Анджей захлопнул крышку ноутбука и, потирая ноющие виски, откинулся на спинку стула. По ту сторону застеклённой двери монотонно брюзжала на сотрудников фирмы уборщица — бегают туда-сюда всякие, пачкают свежевымытые полы.
Всё-таки стоило уехать куда-нибудь хотя бы на пару недель — от уборщиц, суетни, головной боли, стопок документов и бухгалтерских книг…
На крыльце курила пара девиц в офисных костюмах. Заметив Анджея, они поправили волосы и неспетым дуэтом попрощались. Он кивнул, поудобнее перехватил чёрный кожаный дипломат и направился к метро, провожаемый девичьим хихиканьем.
Щёлкающий створками-челюстями турникет, жёлто-плафонный эскалатор, молекулярные светильники Менделеевской, вагон с истрёпанными коричневыми сидушками. Вагон, станция, эскалатор, турникет. Улица. Привычный алгоритм.

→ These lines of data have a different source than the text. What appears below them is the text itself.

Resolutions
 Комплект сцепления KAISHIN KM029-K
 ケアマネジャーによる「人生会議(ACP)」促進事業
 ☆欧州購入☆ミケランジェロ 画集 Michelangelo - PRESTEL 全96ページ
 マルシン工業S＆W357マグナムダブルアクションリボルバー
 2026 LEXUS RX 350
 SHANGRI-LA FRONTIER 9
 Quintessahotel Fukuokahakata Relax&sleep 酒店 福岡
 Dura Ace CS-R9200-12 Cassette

Анджей возвращался домой через парк. Этой ночью наступивший август пролился на город холодными дождями, окрасив небо в серый. Сейчас серость сгустилась сумерками, а небо хныкало мелкой моросью. Пусты были парковые аллеи. В отдалении шумело машинами шоссе.
И тем яснее прозвучали вдруг звуки флейты.
Флейта, откуда ты здесь?. .
Парковая дорожка делала крутой поворот. Анджей завернул.
Флейтистке было лет семнадцать-восемнадцать.
Она сидела, поджав одну ногу под себя — точно не на парковой скамейке устроилась, а дома на диване. Светлые джинсы, белое пальтишко и рыжие волосы оттенка липового мёда. Яркое пятно среди бесцветности неба, темноты асфальта и унылой древесной зелени, неумолимо приближающейся к увяданию.Анджей остановился чуть поодаль. Тонкие руки порхали по клапанам флейты, точно бабочки. Тихие, грустные звуки почти видимо сплетались в прозрачное кружево, рассыпались радужными осколками, пели в душе чем-то тёплым, близким, таким родным…
Мелодия взмыла в последние октавы, замерла на высокой ноте и истаяла в прохладе дождевой мороси.
Рыжая опустила флейту, глядя куда-то перед собой. Анджей моргнул, возвращаясь в реальность.
— Прекрасно играете, — сказал он, чтобы как-то оправдать своё присутствие.
— Вам просто не с чем сравнивать.
Голос у неё был высокий, певучий, чуть сглаживающий букву «р». На Анджея рыжая по-прежнему не смотрела — ему даже обидно стало.
— Есть. Я музыкальную школу закончил.
Рыжая вдруг улыбнулась по-детски радостно, с ямочками на щеках — так светло, будто он сказал ей что-то необыкновенно хорошее.
— И на самом деле хорошо получается?
— На самом деле. На слух пианиста, правда.
Взглянет она на него когда-нибудь или нет?
Рыжая, точно услышав его мысли, наконец повернула голову:
— Музыкант, если хороший, халтуру на любом инструменте различит.
Но смотрела не в глаза, а куда-то мимо. Неподвижными глазами цвета морской волны, с застывшими точками зрачков. И только тут Анджей увидел прислонённую к скамейке длинную белую трость.